Attempts to address cost-of-living relief pressures, power bill rebates and a boost to the Commonwealth Rent Assistance program were among the headliners in Treasurer Jim Chalmers’ third federal budget speech, but the arts also managed to secure some fiscal love.

Among those to benefit from government largesse will be the Arts8 collective – Australia’s leading national training organisations in the performing arts – who will, between them, be $115.2m better off (over four years).

Of the Arts8 members, the National Institute of Dramatic Art (NIDA) will take the largest share of the promised spending, receiving $51.9m over four years. NAISDA Dance College, Australia’s premier Indigenous training college, will receive $13m; the Flying Fruit Fly Circus $7.3m and The Australian Ballet School $6.5m.

$3.7 million has been earmarked for the Australian National Academy of Music and $3 million for the Australian Youth Orchestra.

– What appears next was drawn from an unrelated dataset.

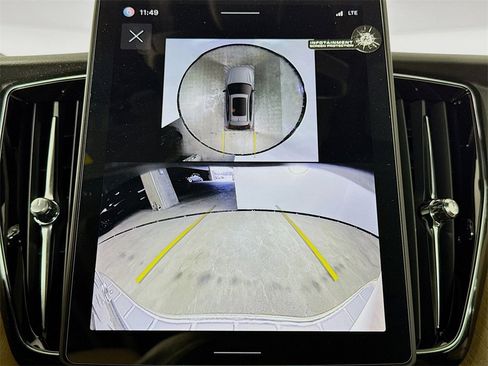 New 2026 Volvo XC60 B5 Plus w/ Protection Package Premier image 13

NIDA, Sydney. Photo supplied

The funding goes some way to reversing a sharp decline in government funding for arts training over the past decade, as revealed in a recently-published report commissioned from consultants KordaMentha into the sustainability of the sector. It found, for example, that government funding of NIDA had declined by 25 percent over 10 years in the face of rising costs.

The funding increase forms part of the Labor government’s five-year national cultural policy, Revive, which has already boosted funding for Australia’s nine national collecting institutions, including the National Gallery of Australia and The National Library of Australia.

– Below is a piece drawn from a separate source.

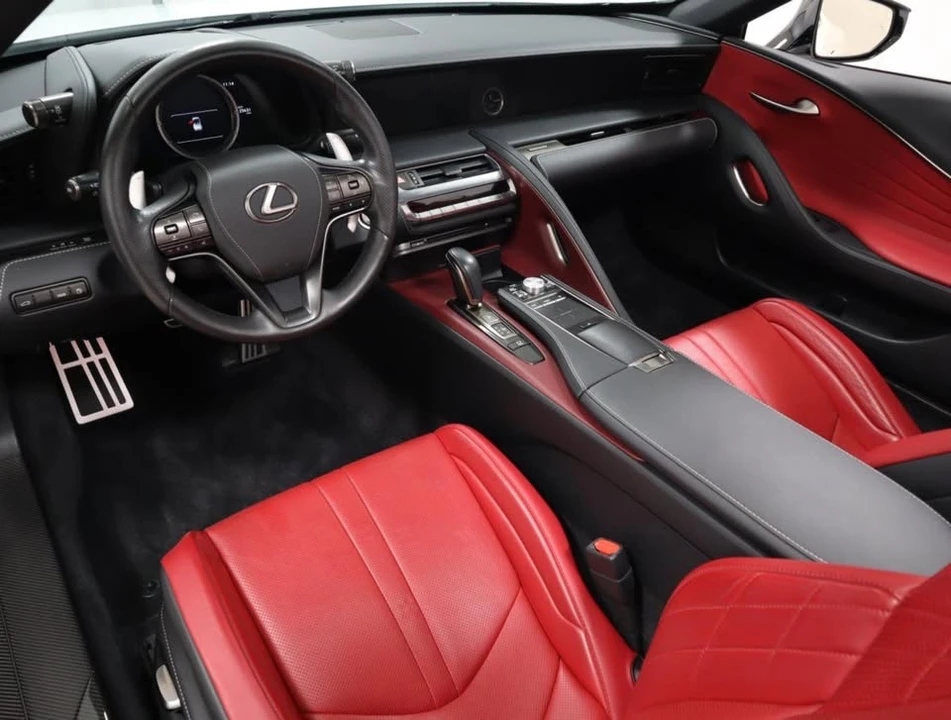 2021 Lexus LC - Image 16 of 18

An aerial shot of the Canberra Symphony Orchestra.

The Canberra Symphony Orchestra. Photo © Martin Ollman

Other budget day winners announced prior to Chalmers’ speech on Tuesday night include The Canberra Symphony Orchestra (CSO), which will see a $4.1 million funding boost over the next four years, and the Darwin Symphony Orchestra (DSO), which is set to receive an additional $1m in funding – an increase that will provide paid roles for its Principal players for the first time in the orchestra’s 35-year history.

$8.6m was allocated to the Revive Live program to provide support to live music venues and festivals showcasing Australian bands and artists.

$14.5m was directed to support the production of Australian children’s screen content. $9.3m is to be allocated to expand and enhance the National Film and Sound Archive’s capacity to store highly flammable nitrate-based films in its archives, materials that are currently at risk of being lost.

Australia’s creative and cultural industries are estimated to be worth $122.3 billion to the national economy. In comparison, the sports industry was found in a 2020 government-funded analysis to be contributing just over a 10th of that, at $14.4 billion.